You've done a nice job of explaining your problem. My guess is that you've got some flaky hardware that intermittently fails to import your images successfully. 

_CF card_. Try using a different one and see if the problem goes away.

_Card reader_. Try one that attaches via USB. 

_Disk drive_. If you have more than one, try importing to a different one for a while. If that doesn't help, you can move those images back to your normal drive using Lightroom.

_RAM_. Run memtest86 to diagnose any problems.

You also might try downloading prime95 and running it in "Torture Test" mode. Its easy to find using Google.

Hal


----------



## Sheepdisease (May 3, 2013)

Hal P Anderson said:


> You've done a nice job of explaining your problem. My guess is that you've got some flaky hardware that intermittently fails to import your images successfully.
> 
> _CF card_. Try using a different one and see if the problem goes away.
> 
> ...



Ran Prime95 with no glitches:



> [May 3 10:02] Torture Test completed 268 tests in 10 hours, 45 minutes - 0 errors, 0 warnings.
> [May 3 10:02] Worker stopped.



Ran Memtest with 9 passes without 1 failure.

Still to try importing into Lightroom using a different computer to see if I get the same corruption when I import from the same CF card and connecting using USB from camera.


----------



## Sheepdisease (May 3, 2013)

Additional test carried out.

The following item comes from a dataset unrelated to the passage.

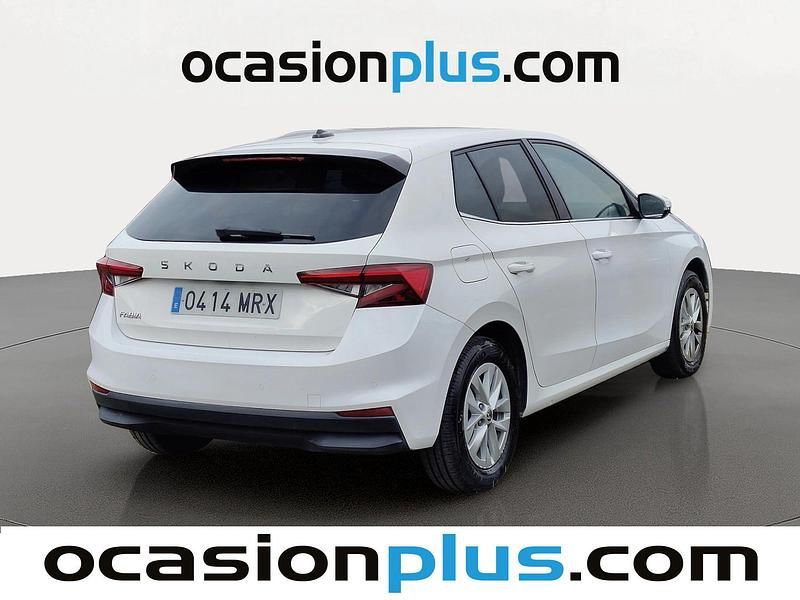Usado Skoda Fabia Selection 95 CV (69 kW) 2024 Blanco Utilitario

I transferred the images from the CF to laptop using camera USB lead right from Lightroom and checked the sample image I showed you above and there were no problems. This suggests to me that it is not the card at fault, nor the camera itself. The card reader on my PC was fine when I transferred the images using Windows Explorer as opposed to Lightroom directly and the images appeared fine in Lightroom afterwards.

Given the fact that I have tested my CPU, RAM and HDDs with the respective software, this would lead me to believe that there is a problem with importing CR2 type images into Lightroom directly. I know I am not the first person to report this, but this has satisfied me somewhat that the problem lies with Lightroom. 

What can I do to fix this?


----------



## Allan Olesen (May 3, 2013)

What happens if you once again - or 10 times again - import the photo with Lightroom directly from the card?

Right now you have experienced corruption once. You used Lightroom when it happened. But until you can show that this happens more often when you use Lightroom, you have no way of knowing if Lightroom caused the error.


----------



## Sheepdisease (May 3, 2013)

That is most likely true. But this isn't the first time I have had this problem, just the first time I have bothered to see what I can do about it.

This has happened upon import on 4 separate occasions now using the same CF card and importing with Lightroom. It always appears to be around the same number of images, more towards the end than beginning of the transfer and has happened on both the laptop and PC (now that I come to think of it) whilst using the USB cable and connecting the CF card directly, so long as I import using Lightroom. The workaround afterwards is to transfer directly which fixes the corrupted images, but that should really be unnecessary. The given process of checking whether any images are corrupted is laborious to say the least, having to wait for Lightroom to generate the preview for each image.


----------



## Allan Olesen (May 3, 2013)

Is it correct to assume that you only do the direct import if the Lightroom import fails?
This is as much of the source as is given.